そんな魅力溢れるタロットカードを、やっぱりオカルト研究部で学びたいですよね。
はたして咲希ちゃんは入部して、オカルト研究部を存続させることができるのか?
タロットカードによる、謎解き青春ミステリー。
咲希ちゃんや部長たちの、苦くも尊い青春を、ご堪能ください。
自ら死を選んだはずの月子が目覚めると、そこは大好きだった少女、ひすいが作った人形たちの学級。
月子は人形たちと一緒に「理想の学級」を作ることになりますが...
悪夢のようで、どこか温かくもある不思議な学級生活。
月子はそこから抜け出すことができるのか、それとも。
怖いだけではなく切なくなるシーンもあり、感情が揺さぶられるホラー作品でした。
これからの季節に特におすすめです。
これぞ青春ミステリという本作。
爽やかで、丁寧に描きだされた高校生活の日々の奥に、
ひっそりと、沈むのは沈黙を強制された残酷か。
私立桜周高校に入学した藤崎弥生は、旧校舎の図書館で、一人の美しい青年と出会います。
それから、一枚の心をとらえて止まない絵画とも。
ここには、愛という感情がありました。
家族愛であり、兄弟愛であり、友愛であり、そして――恋でした。
ええ、いくつかの恋がありました。
ですが、果たしてその恋は、本当に真っすぐで純粋な思いによって支えられたものだったのでしょうか?
人が人を思う形とは、決して一様ではありません。
美しいままであれた恋もあれば、
これから育まれてゆく恋もある。
行く先を失った恋があれば、
泥の底に沈ませるような、恋とは呼べないような我欲も。
くり返します。
これぞ青春ミステリです。
彼等の日々に寄り添うようにして物語を追った先に、
あなたがどんな感情を抱くのか。
それはきっと、
神様ですら、きっと知らない。
主人公たちが巻き込まれたのは、集められた参加者全員が白骨死体という、デスゲームならぬデッドゲームとでも呼ぶべき、閉鎖空間での自分探しゲーム兼脱出ゲーム。

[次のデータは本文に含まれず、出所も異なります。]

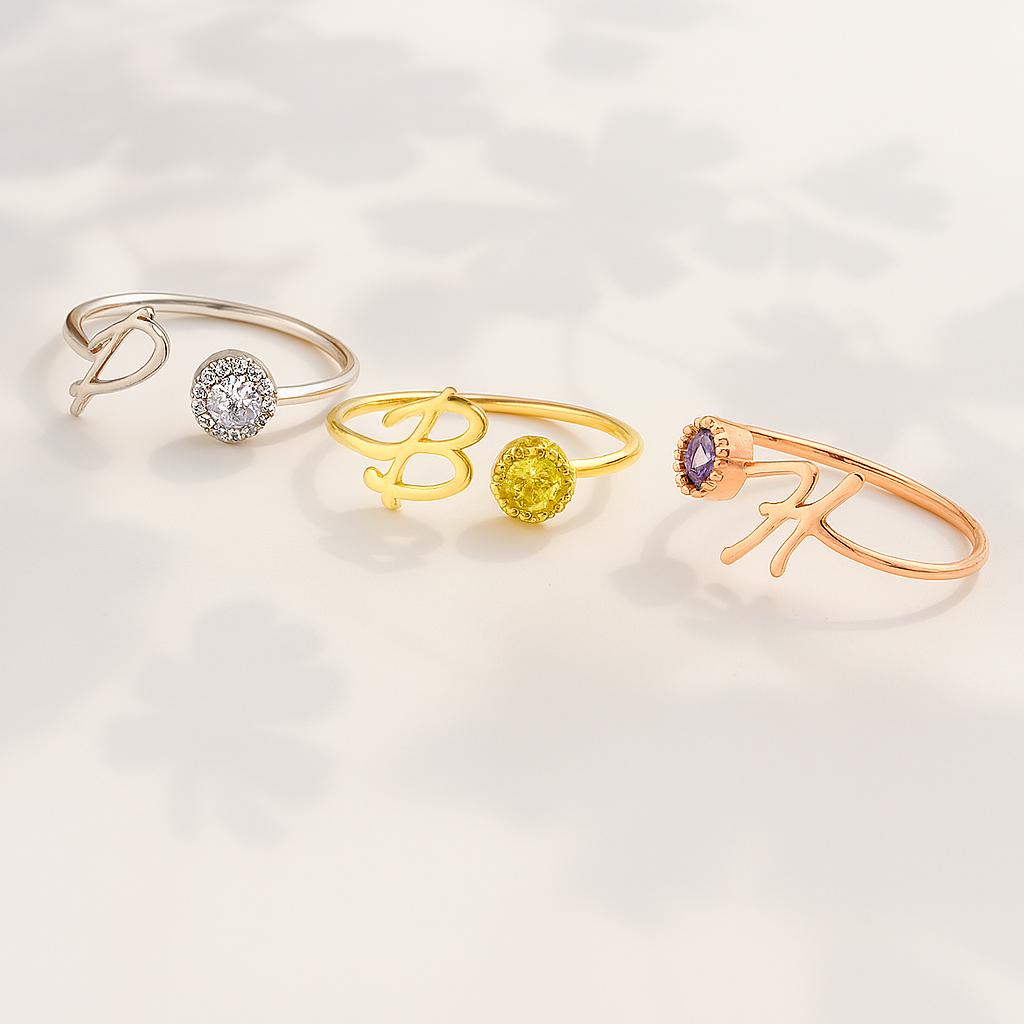 Sterling silver and gold personalized initial rings with sparkling birthstones, shown in D, B, and K letters in different finishes.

特殊設定ミステリーであり、さらに、フーダニットというよりはワットダニット(?)、フームダニット(?)で、推理するべき内容も特殊であることから、先を予測できない面白さがある。
また、本作の魅力が現れているのはミステリー部分だけではない。結構な頻度で骸骨あるあるギャグが繰り出され、まじめでシリアスな本筋とのギャップにクスリとしてしまう。骸骨あるあるを言いたい人に特におすすめ。